Inconsistencias en la temporalidad y análisis geográfico del reporte
La administración federal aclaró que el rechazo al informe del Comité contra Desapariciones Forzadas de la Organización de las Naciones Unidas responde a una falta de rigor en el manejo de la línea de tiempo de los datos. El documento presentado por el organismo internacional toma como base un análisis realizado sobre cuatro entidades de la República Mexicana durante el periodo comprendido entre 2009 y 2016, etapa identificada con políticas de la época neoliberal.
El punto crítico de la controversia radica en que los resultados de dicho análisis histórico se extendieron de forma arbitraria para caracterizar la situación del país en 2025. Esta extrapolación invalida la vigencia del diagnóstico, al no considerar los cambios estructurales ni la evolución del contexto nacional en la última década. La Secretaría de Relaciones Exteriores (SRE) se encargará de desglosar técnicamente las razones que fundamentan esta postura oficial.
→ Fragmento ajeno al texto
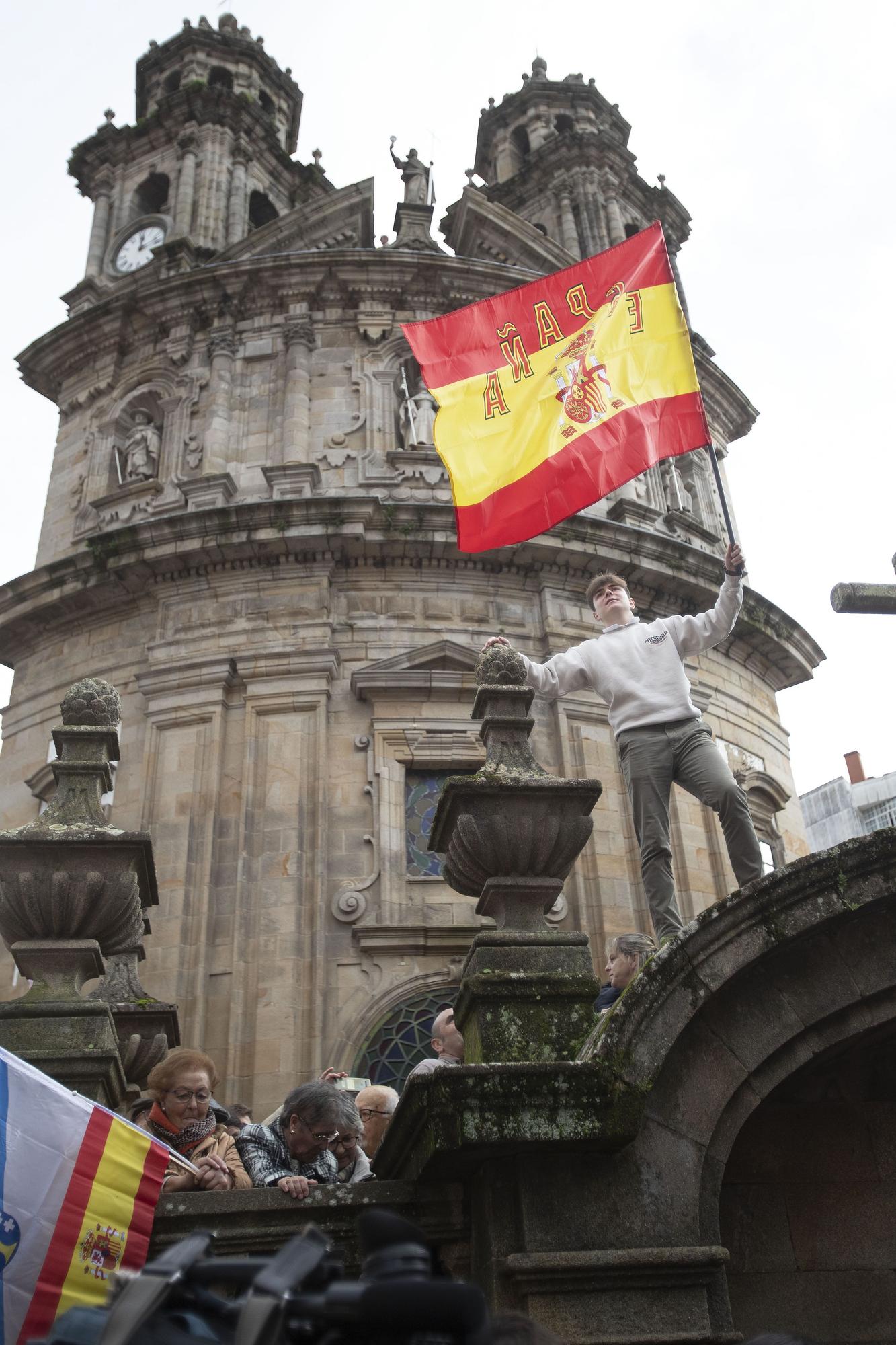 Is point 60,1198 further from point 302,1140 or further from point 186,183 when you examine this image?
point 186,183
Exceso de mandato y redefinición de conceptos jurídicos
La postura oficial subraya que la investigación realizada por el comité queda fuera de los marcos establecidos por los estatutos de la propia comisión y de la ONU. Se identificaron los siguientes puntos de fricción técnica:
Bajo los estándares de Naciones Unidas, la desaparición forzada se define específicamente como el uso del Estado de mecanismos de represión contra su pueblo. El gobierno sostiene que la dinámica actual de desapariciones está vinculada mayoritariamente a la delincuencia organizada y no a una política de Estado represiva.
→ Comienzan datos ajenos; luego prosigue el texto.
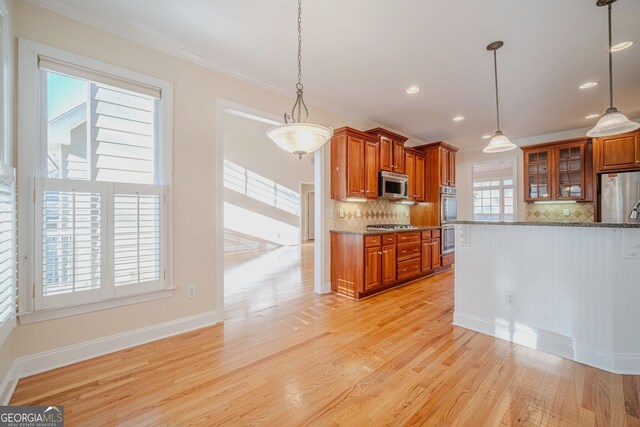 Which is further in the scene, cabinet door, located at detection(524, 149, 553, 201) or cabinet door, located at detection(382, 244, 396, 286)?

Relación con organismos internacionales y colectivos de búsqueda
Pese al rechazo del documento, existe un compromiso con la atención a las víctimas y la colaboración internacional. La administración enfatizó que esta decisión técnica no vulnera la solidaridad con los familiares buscadores ni el trabajo conjunto con los colectivos. Las labores de alerta y los esfuerzos por erradicar el delito continúan como una prioridad operativa.
Ante la solicitud del comité para que el secretario general de las Naciones Unidas, António Guterres, remita la situación a la Asamblea General, México ha definido una ruta de acción diplomática:
- Establecer una relación estrecha y directa con el Alto Comisionado de las Naciones Unidas.
- Exponer detalladamente las inconsistencias técnicas del informe ante las instancias superiores.
- Defender la soberanía jurídica en la interpretación de los delitos conforme a los tratados vigentes.
El rechazo al informe se consolida como una defensa de la precisión estadística y el respeto a los mandatos internacionales, separando la gestión de seguridad actual de las dinámicas registradas en sexenios anteriores.